High Achiever, Gifted Learner, Creative Thinker - eposts
http://www.bertiekingore.com/high-gt-create.htm
======
g00dn3ss
I think this is mostly bogus. Consider the research presented in recent
articles like:

[http://www.sciam.com/article.cfm?id=the-secret-to-raising-
sm...](http://www.sciam.com/article.cfm?id=the-secret-to-raising-smart-kids)

This division into 3 kinds of kids has an underlying assumption that kids can
be classified by some innate characteristics.

Rather than putting effort into "identifying gifted students", maybe we should
concentrate on finding more effective ways to teach everybody. Getting rid of
grades comes to mind as one way to help convert "high achievers" into "gifted
learners".

------
gojomo
This article talks about sharing these categories with children in discussion,
so that children can consider where they fit in.
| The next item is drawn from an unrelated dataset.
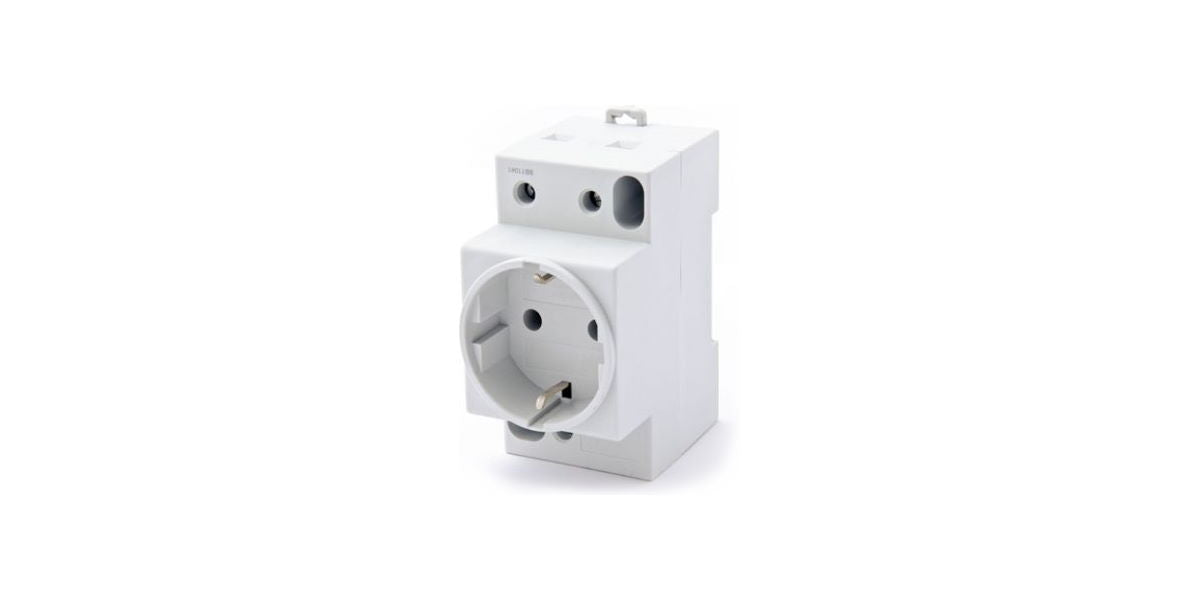 Kištukinis lizdas ant DIN bėgelio su įžeminimu Pawbol M.06-16A/250V-S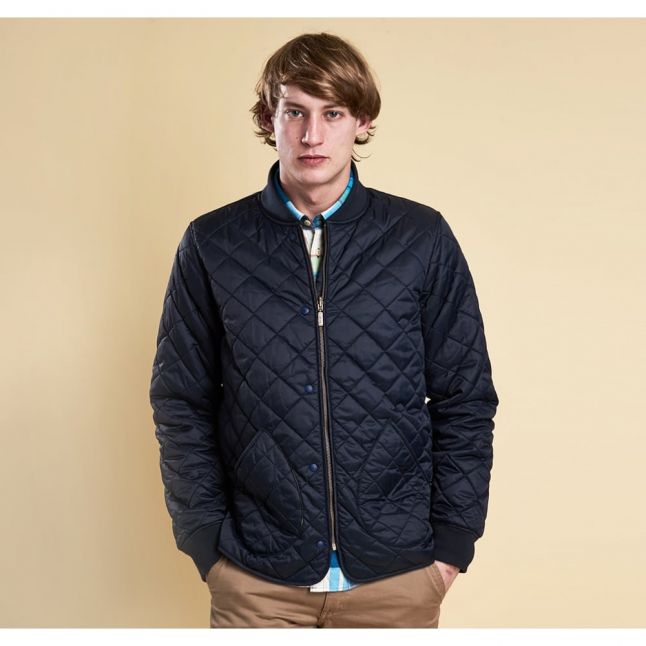 Heritage Mens Navy Windrow Jacket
However, other work on
'mindsets' [1,2] suggests that labeling a child as 'gifted' or 'creative' in
contrast to 'hard working' could negatively impact the child's future learning
and achievement.

I wonder if Kingore, the author of this article, has written anything taking
into account mindset research like Carol Dweck's.

[1] <http://nymag.com/news/features/27840/>

[2] <http://news.ycombinator.com/item?id=84655>

------
ojbyrne
That big 3rd paragraph seems to be the center of bogosity. "Her comparison
helps to delineate differences between the two groups and provides a useful
format for discussions." Translated that means - this is some bogus education
theory that has no scientific basis behind it, and if you take action based on
it, then whatever mess you create is your own fault.

I had to take a survey course on education research during my postgrad days -
the first thing the prof said was that basically education is a research
ghetto where every half-baked methodology, and every bit of post-modern drivel
can find a home.

------
Tichy
So is there hope for the Creative Thinker? Because at least in news.yc
circles, he seems to be not very well liked?